In closing, some research has shown a need to include the diagnosis and treatment of the most subtle obstructive breathing events (FLEs, RERAs, UARS). And, because RERAs and RDI are both scientifically validated, the argument for optional scoring seems weak. In our opinion, the field of sleep medicine would benefit from a consistent use of its carefully determined and scorable metrics for the objective evaluation and treatment of sleep disordered breathing.

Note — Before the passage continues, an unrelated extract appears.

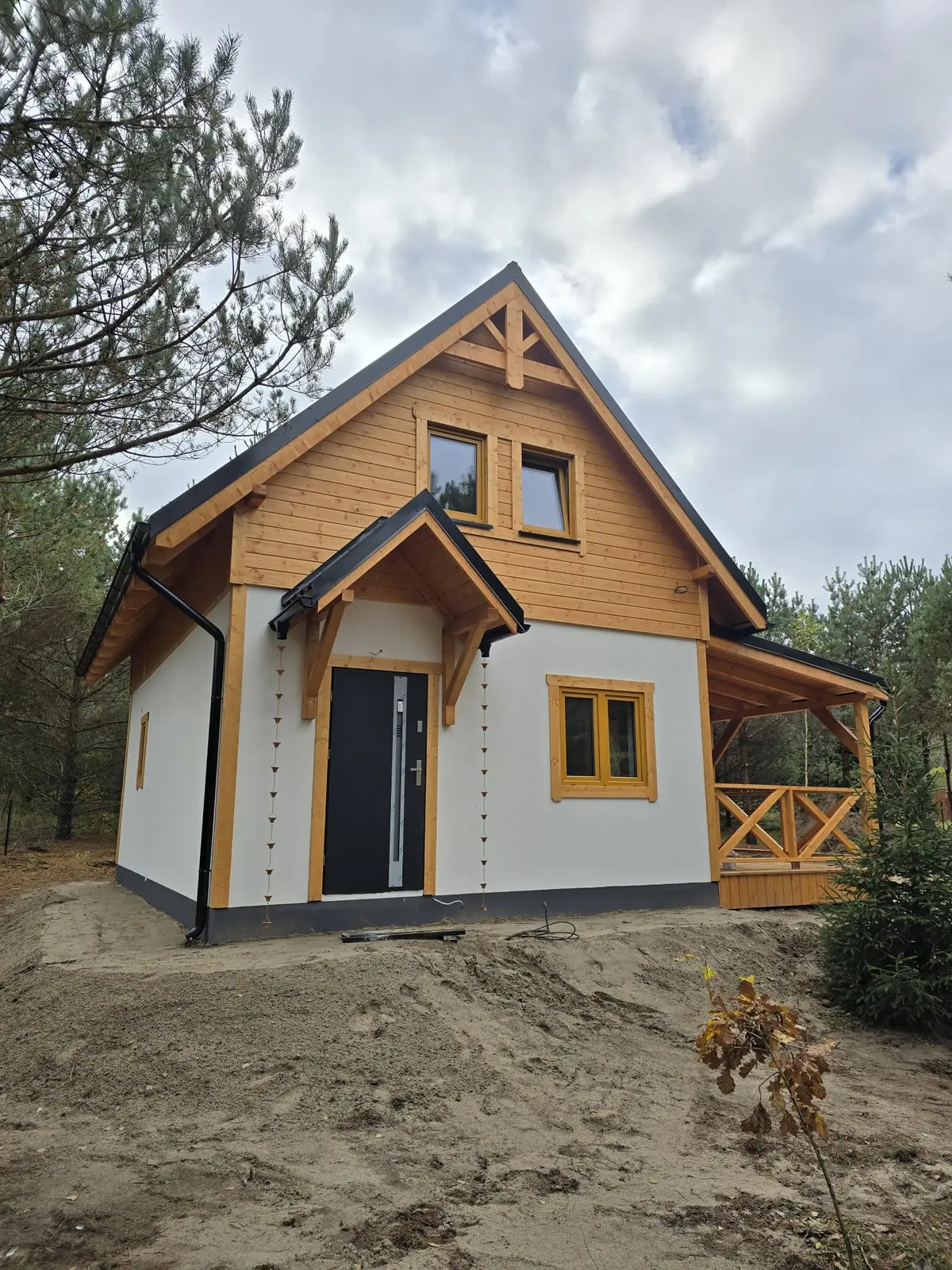 Wejście do domu szkieletowego 83 m² z drewnianym szczytem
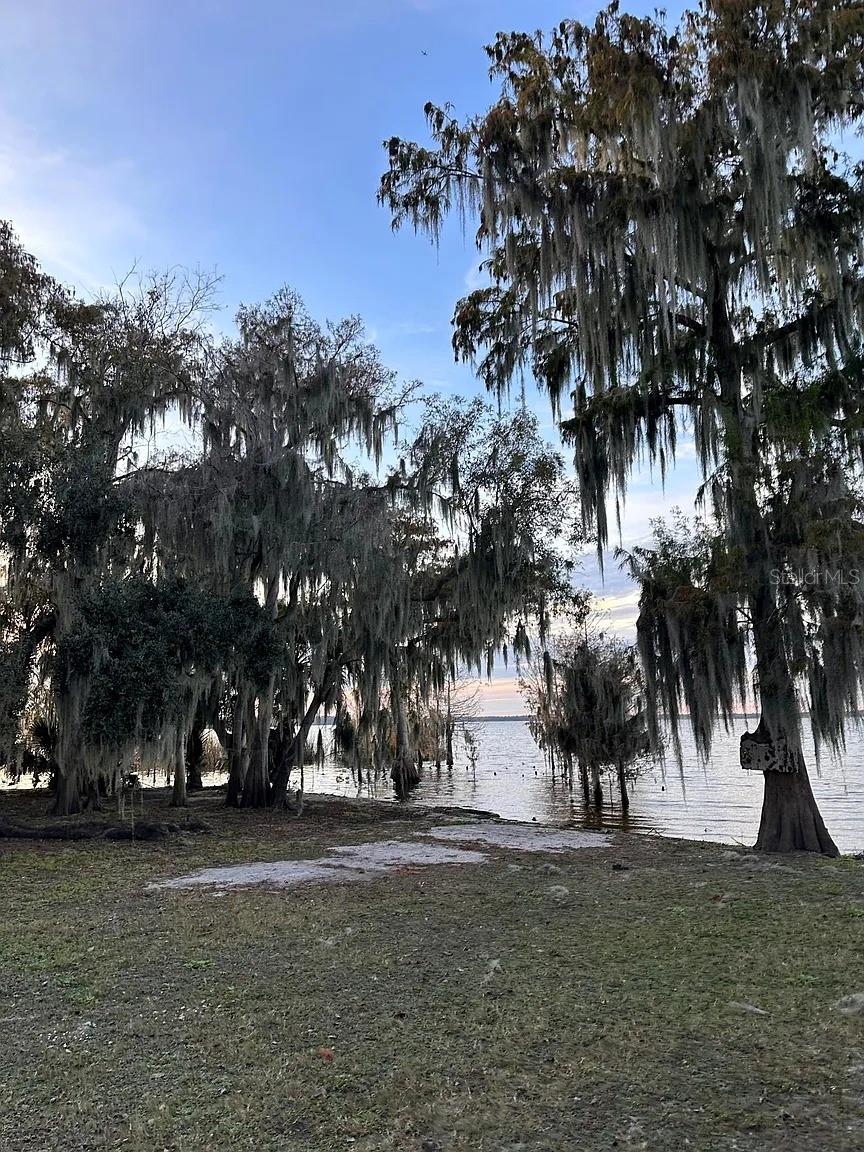 Image 20 of 21 For 1954 Boat Club Road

This was not an industry-supported study. Dr. Krakow operates 6 websites providing education and offering products and services for sleep disorder patients; he markets and sells 3 books for sleep disorder patients; he owns and operates a commercial sleep center, and is the president of a non-profit sleep research center which has received support from ConAlma, Respironics, GlaxoSmithKline, and Covidien, as well as grants from other non-profit institutions. He has participated in speaking engagements supported by ResMed and Respironics. The other authors have indicated no financial conflicts of interest.